Sports
Closing Shot: Pushing through the New York Marathon
A world record field of 55,646 runners navigated the 26.2-mile route through the Big Apple, including SBJ staff writer Rachel Axon (below), who finished in a little over five hours.getty images
Standing amid thousands of other runners lined up at the Verrazano-Narrows Bridge on the morning of Nov. 3, I ticked through the arsenal I thought would get me through the TCS New York City Marathon.
A training block built entirely through a foot injury and over more than five months of preparation for a grueling course. An ambition to go for a marathon for the first time in six years and check off a bucket-list race. And a playlist of my favorite Taylor Swift songs to motivate me through the streets of New York.
In the end, none of those alone got me through some painful final miles. New Yorkers did.
The city’s famed crowds delivered beyond anything I had expected. Anyone I knew who had run that race — including LA28 CEO Reynold Hoover and Aggregate Sports Senior Vice President Ramsey Baker — had filled me in on the wall of sound at mile 16 when you finally enter Manhattan. Yet I still wasn’t prepared for the boost you can get from spectators six deep on either side, cheering and singing, yelling and dancing.
It was quite different than the quiet start in Staten Island that kicked off our five-borough tour. Around mile five, in Brooklyn, I sang along to the band playing Adele’s “Rolling in the Deep.” I high-fived countless kids, and I let out a few “Go Bills!” to fellow fans.
Knowing I wouldn’t PR took some pressure off and allowed me to soak in the race rather than watch my pace. I had done my entire training despite having dealt with plantar fasciitis in my right foot (a problem that dates back years), and had gone through several pairs of new shoes, new orthotics, three steroid injections and more than a year of PT, plus weekly dry needling.
Through Brooklyn, raucous spectators pushed a record 55,646 runners along — with music, with water, with cheers. Their signs reminded runners that we chose this, that all toenails go to heaven and that we run the city better than any number of things, including the mayor, the MTA and the rats.
In Queens, my foot rebelled, each step causing shooting pain. Nausea and cramping kept me from being able to continue fueling, the nutrition plan crookedly scrawled down my forearm quickly becoming irrelevant.
For a while, I faked my way through it. Buoyed by the noise that greeted us off the Queensboro Bridge, I entered Manhattan and pushed my way up 1st Avenue, stopped briefly to see my family and tried to carry on.
With six miles to go, the crowd in the Bronx was boogying down, but I was just down. By the time I crossed back into Manhattan, I contemplated not finishing. I nearly did, but instead leaned on my heretofore endless supply of stubbornness.
And that NYC crowd.
Following the popular wisdom, I had put my name on a piece of KT Tape on the front and back of my shirt. Dozens, hundreds, thousands — I don’t know, it was a blur — shouted for me to keep going, that I was doing a great job (when I merely was trying to put one foot in front of the other).
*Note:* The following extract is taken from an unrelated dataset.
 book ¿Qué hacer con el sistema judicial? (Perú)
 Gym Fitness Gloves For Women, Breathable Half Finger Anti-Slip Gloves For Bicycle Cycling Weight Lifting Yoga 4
Several runners patted me on the shoulder, telling me I got this (when I definitely didn’t feel like it).
As I rounded the final half-mile into Central Park, a spectator held up a sign: “Run with your heart, and your feet will follow.”
Both had faltered for me on a day far more painful than I had planned. But that beautiful city and its celebration of running became the final pieces that helped me become a NYC Marathon finisher.